START Supplied material
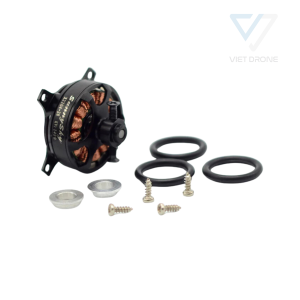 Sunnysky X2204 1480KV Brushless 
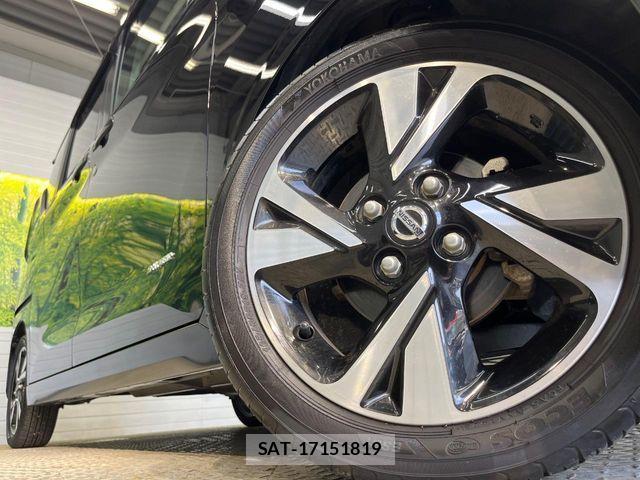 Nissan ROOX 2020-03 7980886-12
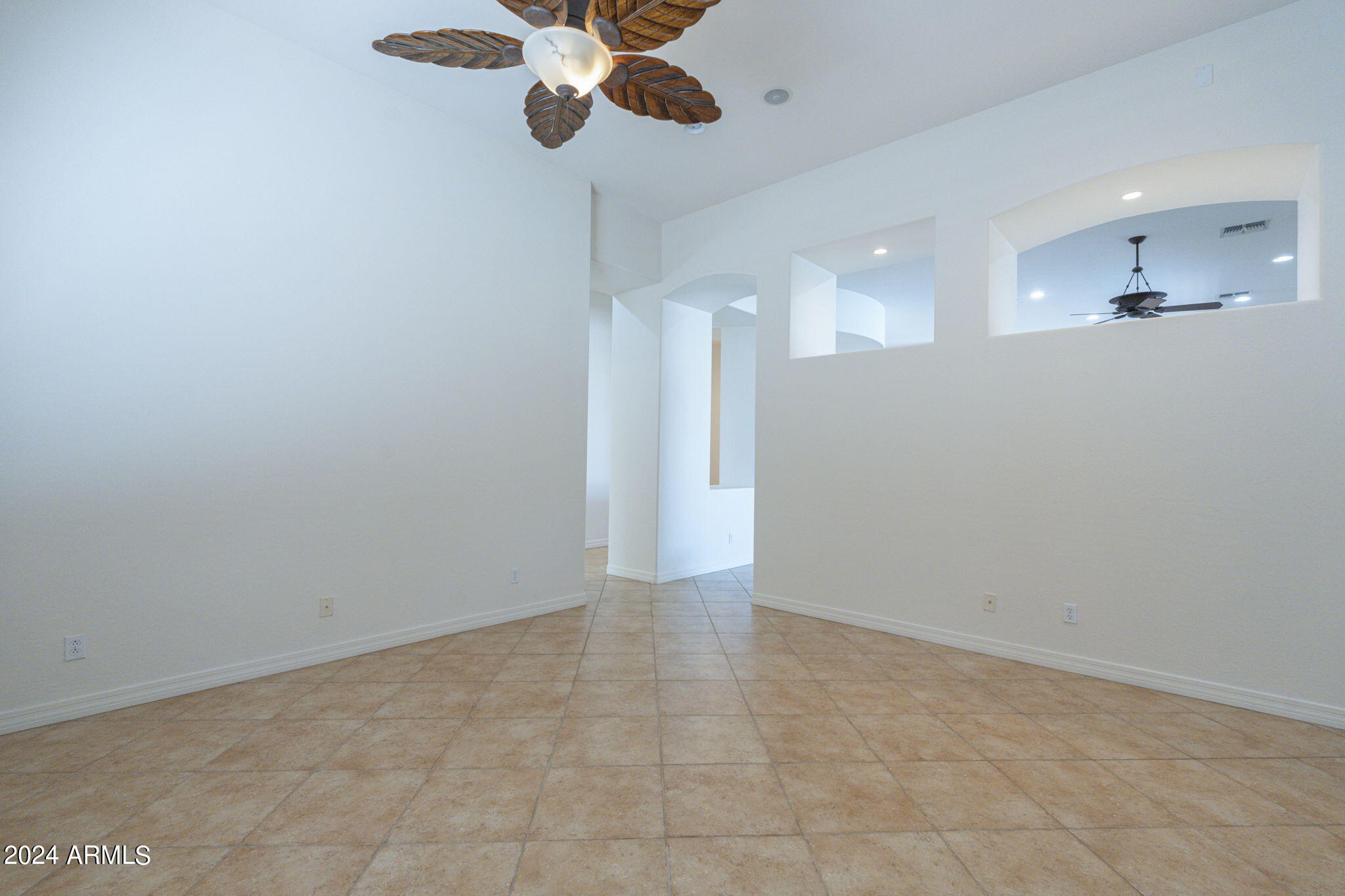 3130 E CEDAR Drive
END Supplied material
START Supplied material
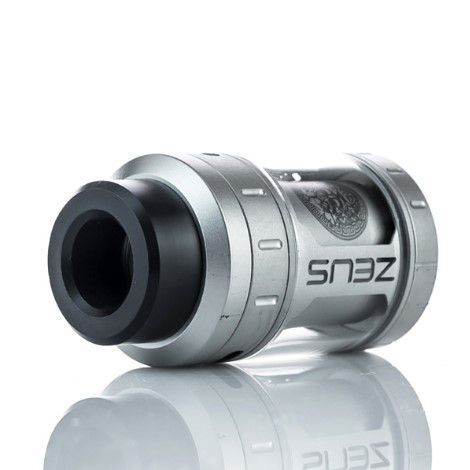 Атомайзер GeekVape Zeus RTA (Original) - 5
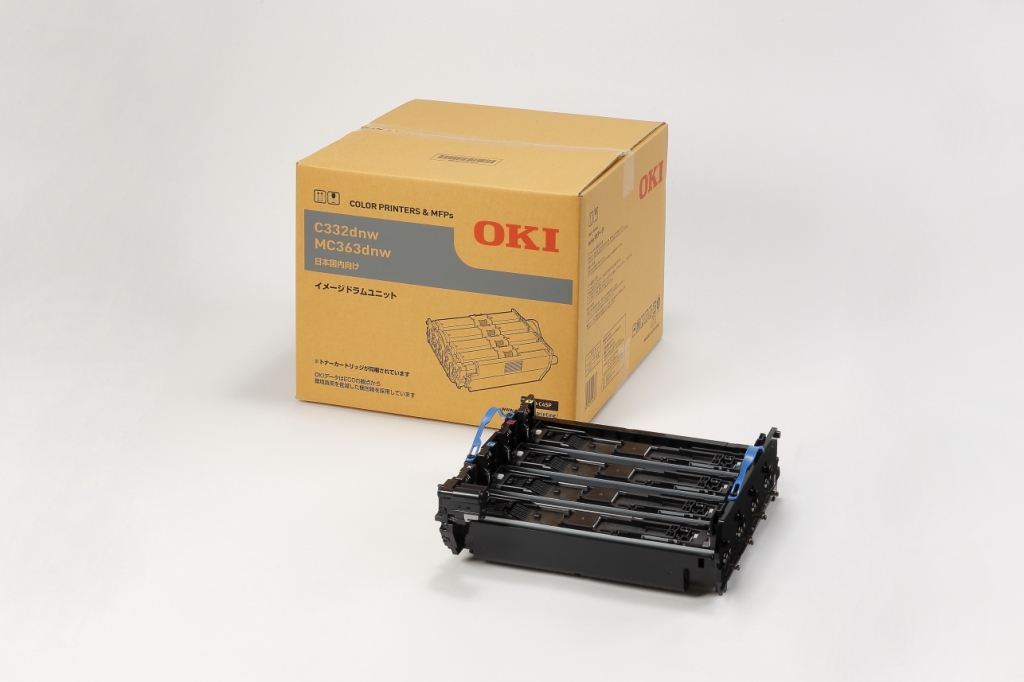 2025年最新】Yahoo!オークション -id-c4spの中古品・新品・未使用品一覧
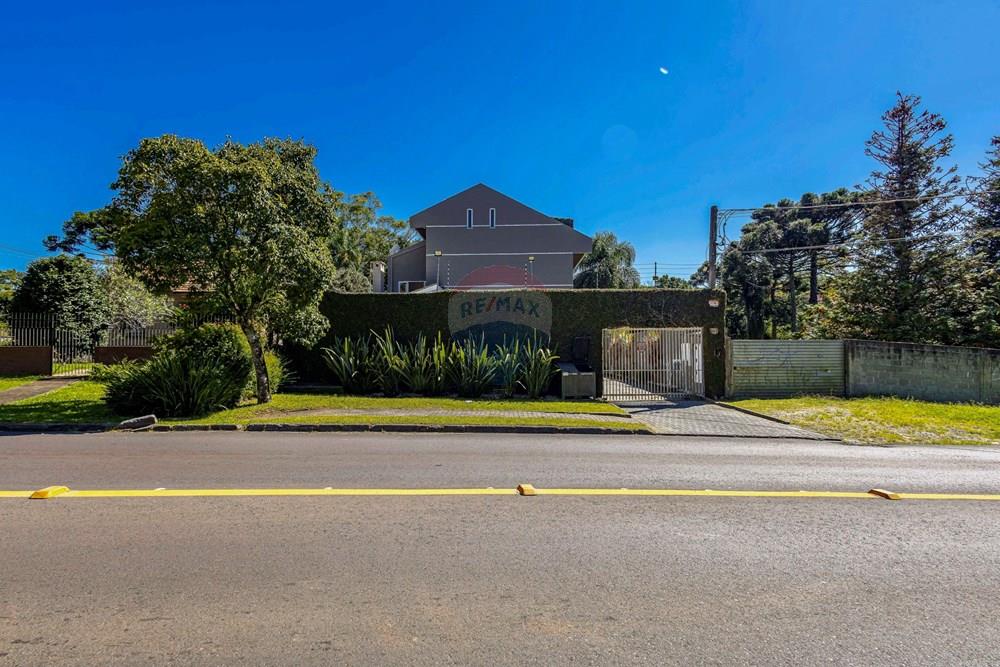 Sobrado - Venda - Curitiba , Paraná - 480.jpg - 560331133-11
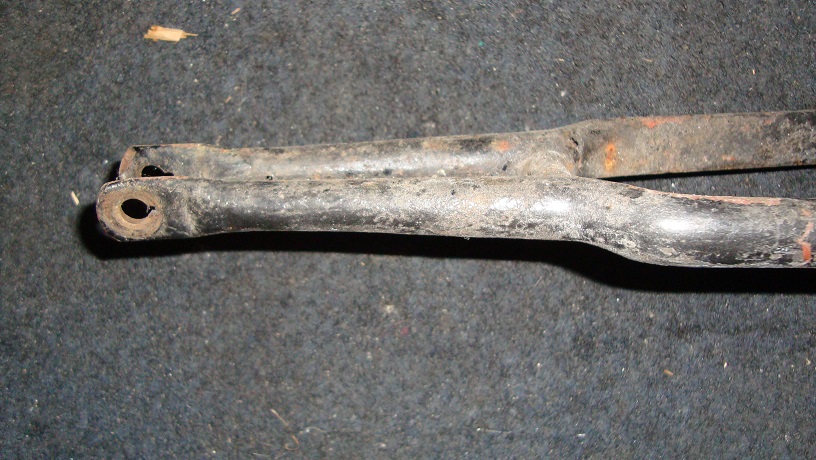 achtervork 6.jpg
END Supplied material
What you need to do —
Starting at the line containing "Nissan ROOX 2020-03 7980886-12" and stopping at the line containing "3130 E CEDAR Drive", output each line exactly as it appears above. Leave out the pictures.

Your response —
 Nissan ROOX 2020-03 7980886-12
 3130 E CEDAR Drive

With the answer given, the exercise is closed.